Mi última parada del día sería el Gremio de los Guerreros. No me cuesta encontrar a Antabolis, quien no me pone las cosas fáciles. Si quiero la información, debo ir a las ruinas Dwemer de Arkngthand y encontrar algo que él llama "Caja Rompecabezas Dwemer", un objeto cúbico con varias inscripciones en él, según me relata. No tengo opción, no me encuentro en un lugar donde recurrir a la intimidación rinda frutos, por lo que accedo a su petición.

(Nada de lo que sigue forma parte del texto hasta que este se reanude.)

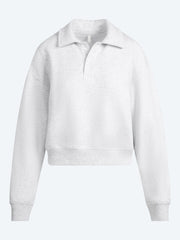 Cotton fleece polo sweatshirt ref:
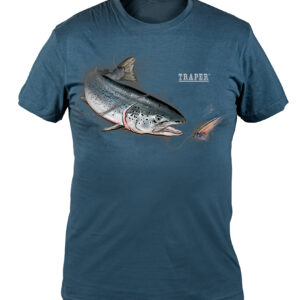 T-SHIRT ART SALMON DENIM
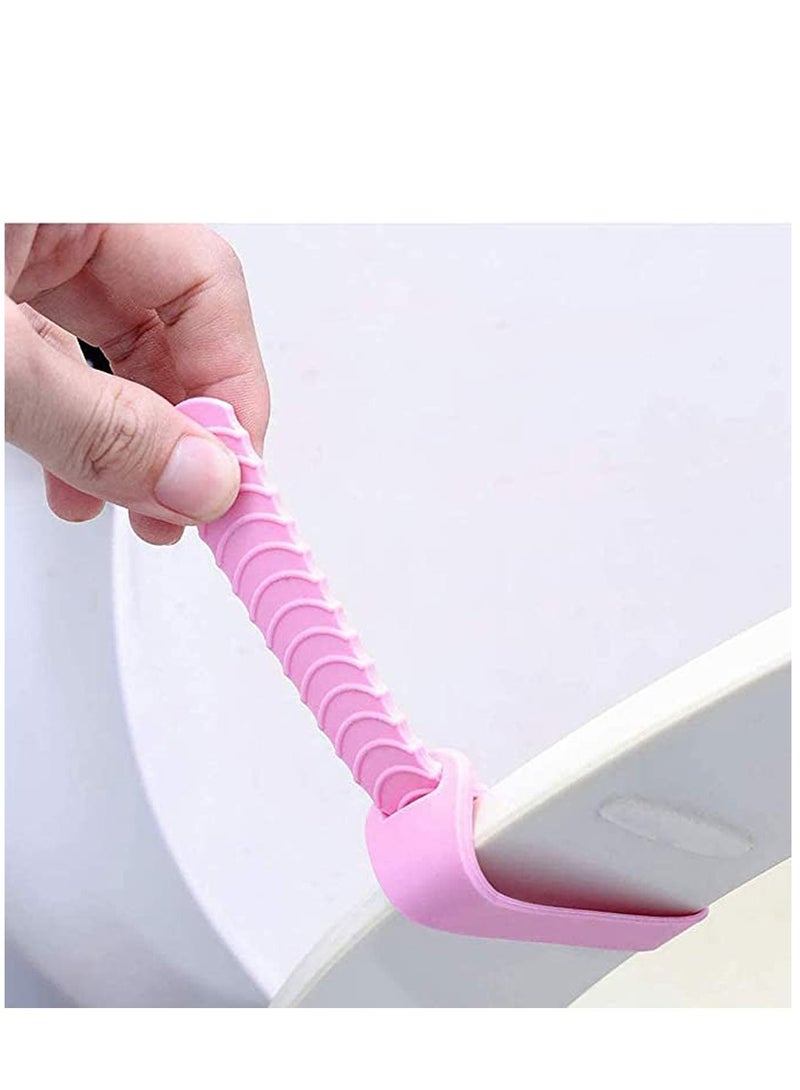 Toilet Seat Silicone Raise Lifters, Lid Soft Handle Clean Lift Raise, Non-Sticker, Avoid Touching The Lid, Cover No Need Glue Worry About Falling Off and Hygienic - Image 3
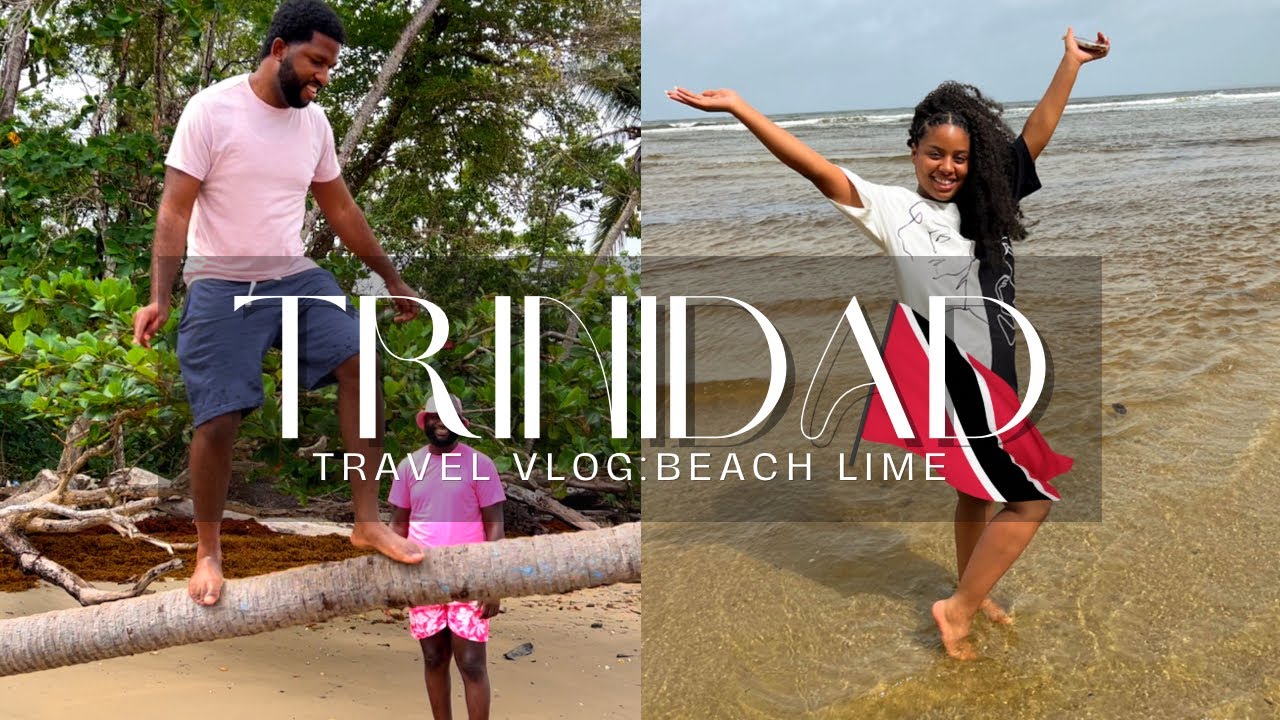 Trinidad Travel Vlog Trini Beach Lime + Midnight GIANT Turtle Watching!
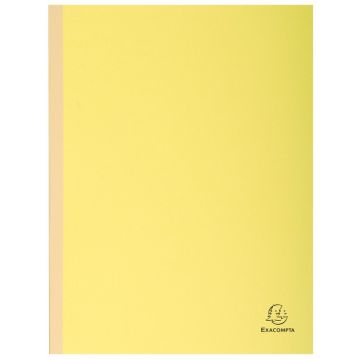 EXACOMPTA  chemises à soufflet dos toilé - Jaune canari (Papier recyclé)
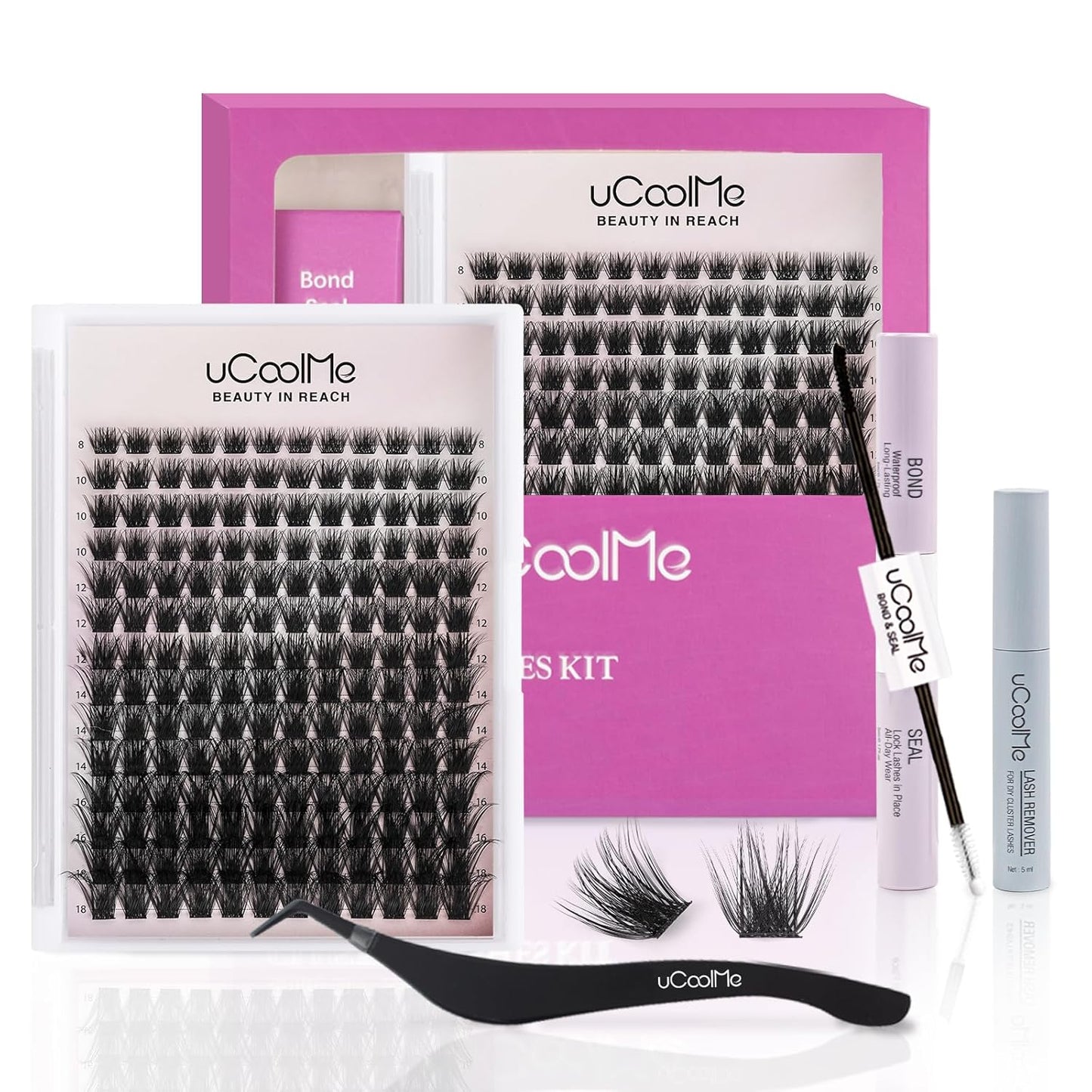 Fairy Lash Clusters Kit 8-18Mm Manga Eyelash Clusters C Curl - Widespan DIY Eyelash Extensions Kit Wet-Look Spiky Anime Lashes Individual Fake Eyelashes Clusters Kit Ultra-Thin Invisible Lash Band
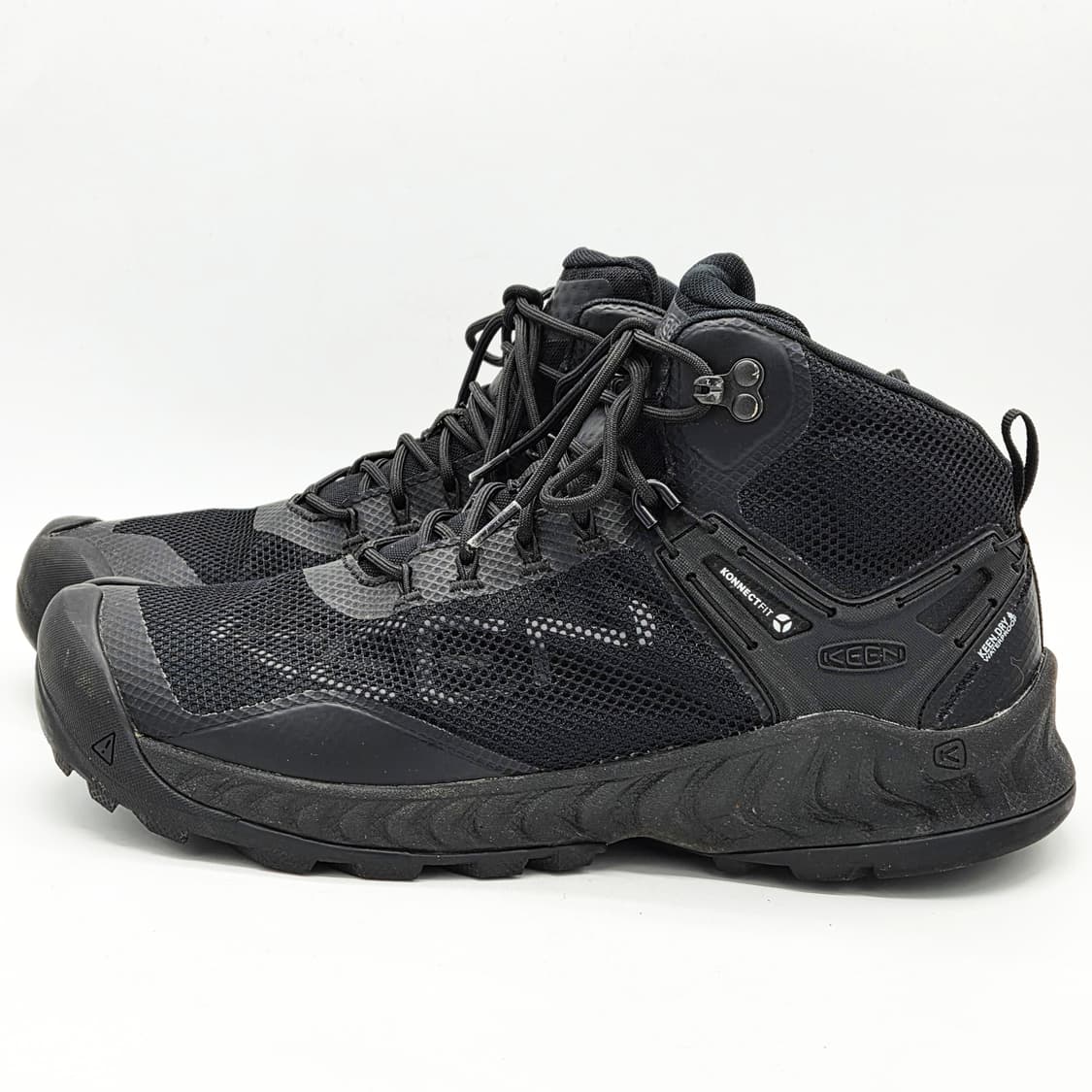  KEEN NXIS EVO 미드 워터프루프 하이킹 부츠 블랙 (285)  상품이미지1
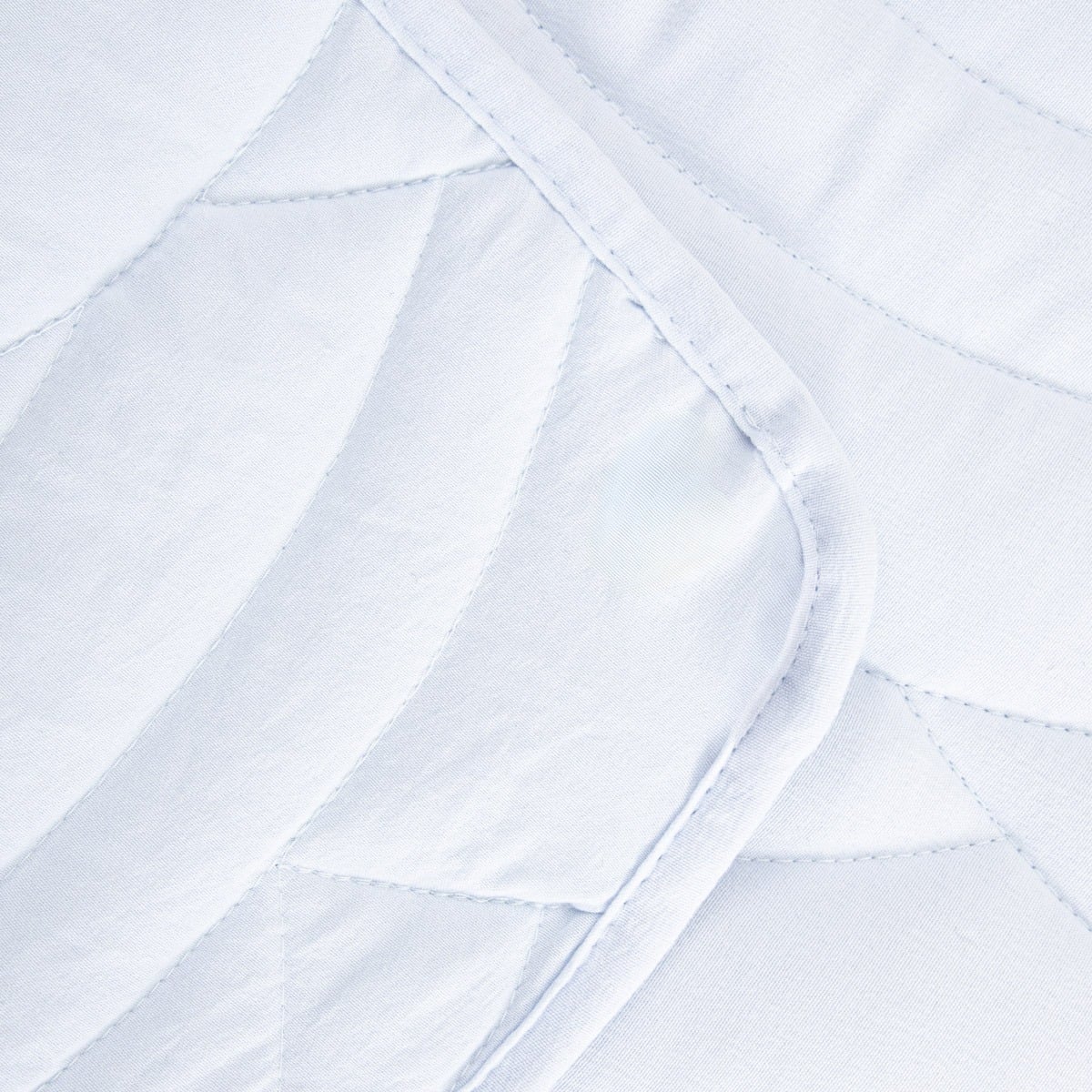 MAREY Blue Quilted Wave Bedspread 200x220 cm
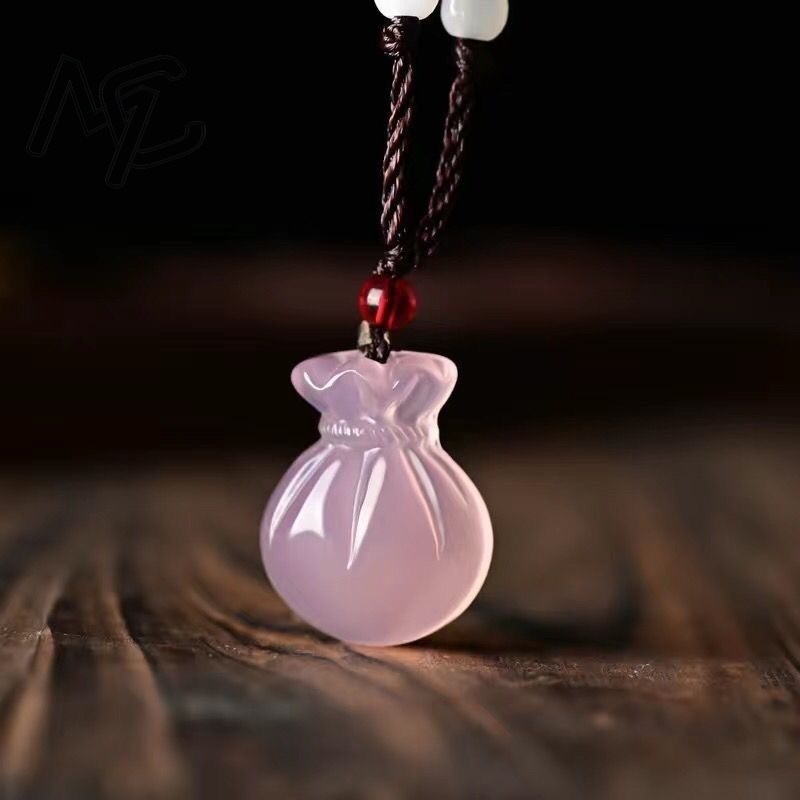 天然瑪瑙祝福バッグペンダントネックレスチャームジュエリーファ - Women'S Fashion Jewellery のレビューと価格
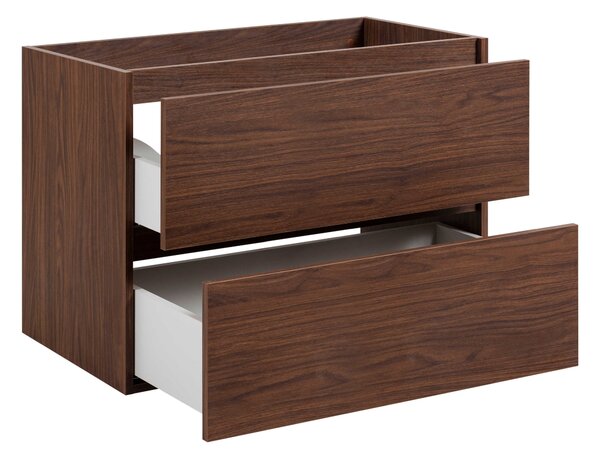 Skrinka pod umývadlo SIMPLE Oak walnut | 80 cm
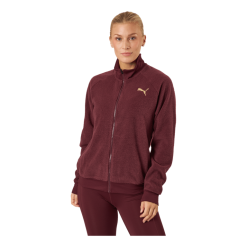 Puma Fit Sherpa Jacket Aubergine-puma Black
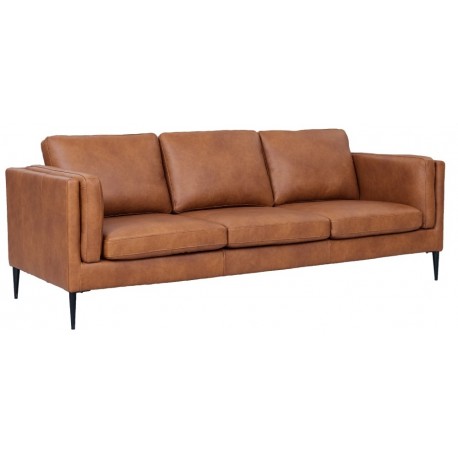 Valencia 3 pers. sofa læder Cognac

Siendo tarde y estando yo muy cansado como para ir a explorar unas antiguas ruinas, pienso que lo mejor es unirme al Gremio de los Guerreros. Ofrece refugio y provisiones -más de lo que merezco-. Puedo utilizar el lugar como base de operaciones y cumplir con algunos trabajos para el Gremio antes de aventurarme en Arkngthand. Con algo de suerte, mataré suficiente tiempo para que alguno de mis amigos pase por la ciudad. Claro, eso si es que de verdad sigue alguno con vida.